原爆ドーム前で奇跡の出会い
寒さもやわらぎ、新芽も芽を出す今日この頃。
僕は過去に掃除活動をしたことのある広島平和記念公園を訪れました。
ちょうど天気も良く清々しい日でした。
冬でも半袖で過ごせるくらい気温も高くて、まるで南半球にでもいるかのような気分の中。
快晴でなにか良いことが起きそうな予感がしました。
原爆ドームの前で写真を撮っていると、原爆ドームの南側に一人の男性がいらっしゃいました。
その男性はご自身の被爆体験をもとに75年前の県産業奨励館をステンドグラスで再現されて
平和の大切さを伝える活動をされている方です。
この日、たまたま奇跡の出会いをしました。
寺尾 興弘(てらお おきひろ)さん
寺尾さんは原爆ドームの前でご自身の被爆体験をボランティアガイドとして観光客に話しています。
寺尾さんは原爆が投下されたときまだ4歳6ヶ月でした。
8月6日爆心地から約4km離れた場所で被爆しました。
お生まれになられたのはドームの西約200mの鍛冶屋町(現:中区本川町)
県産業奨励館(現:原爆ドーム)にもお母さんに連れられて一緒に行った記憶があるそうです。
『生き残ることができて信じられないほど幸運だった』
寺尾さんはこのようにお話されました。
「私の父が自分の命と引き換えに家族を守ってくれたんです」
被爆直前の1945年7月お父さんが中国で戦死したという知らせが届きました。
お母さんは残った家族を守ろうとお父さんの実家の祇園町(現:安佐南区)に疎開することを決めました。
疎開してから二週間後に被爆しました。
爆心地から約4.1km離れていたので運良く助かったのです。
お父さんが亡くなったのは8月6日から約1年前。
その知らせを受けたのが8月6日から約1ヶ月前。
もしも知らせを1ヶ月前に受けとっていなければ…と寺尾さんは言葉をつまらせました。
原子爆弾がどんなものだったのか?
なぜ落とされたのか?
初めて知ったことも多くとても衝撃的でした。
全世界2億8,000万世帯が視聴
寺尾さんは過去に全世界2億8,000万世帯が視聴したテレビ番組に出演しました。
番組は東京のテレビ局が放送したもので、なぜ全世界に放映されたのか知ることができた理由があります。

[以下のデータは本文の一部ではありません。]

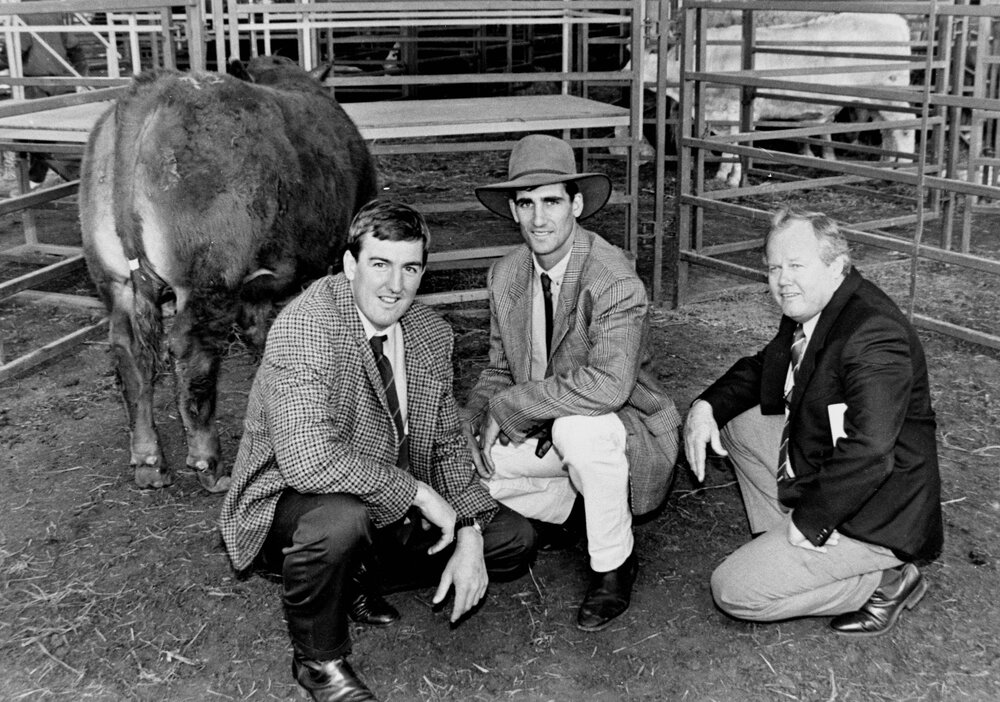 Three men at the saleyards, Dalby, circa 1990s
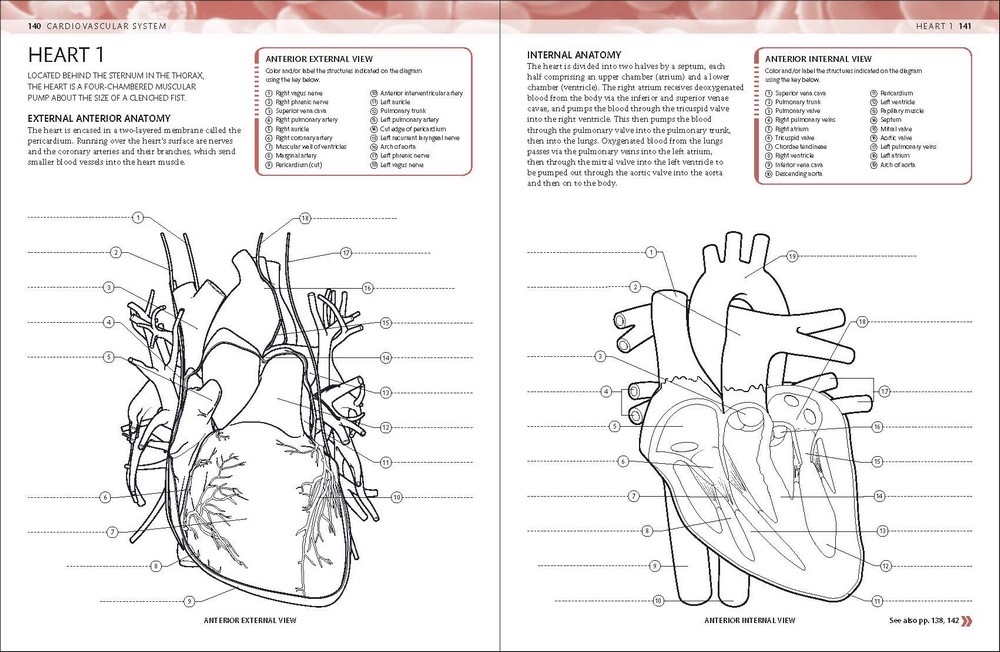 50 Human Body Coloring Book 34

ある日寺尾さんに会いに外国人が広島平和記念公園を訪れました。
アイスランド、ノルウェー、ネパール、ロサンゼルス。
北ヨーロッパ、北欧、南アジア、アメリカ合衆国。
とても多くの国や地域から寺尾さんに会いに来てくれるそうです。
そして世界中に発信されたことを知りました。
世界にただ一人 原爆ドームのステンドグラス工芸作家
寺尾さんは原爆ドームの被害を受ける前と受けた後を忠実に再現した模型を作っています。
現在は定年されていますが、数年前からステンドグラスを学ばれています。
原爆ドームの姿を目にするたび亡くなったご両親のお姿が思い浮かびました。
元安川を挟んで対岸のベンチに座って眺めるとご両親が思い浮かび勇気を与えてくれる。
そして原爆ドームの制作を決意されたそうです。
製作期間は2年かかりました。
ステンドグラスで再現された原爆ドームはとても綺麗で細かいところまで配慮が行き届いています。
特に一番目を引く、天井部分には約120個のパーツが使われています。
天井の部分の銅色のパーツを探すのに大変苦労されたそうです。
2014年夏に完成されたそうで、ほどなくこう指摘されました。
「実際の屋根の色と違うんじゃないのか?」
制作当初は色が違う色で実際の色は銅が酸化した緑青の色だったみたいです。
色みが分かる資料を探したり、有名な自由の女神の銅像をもとに研究を重ねました。
全てのパーツをアメリカから取り寄せて作成された原爆ドーム。
全体でなんと約3,000個以上のパーツで構成されていてまさに寺尾さんの努力の結晶です。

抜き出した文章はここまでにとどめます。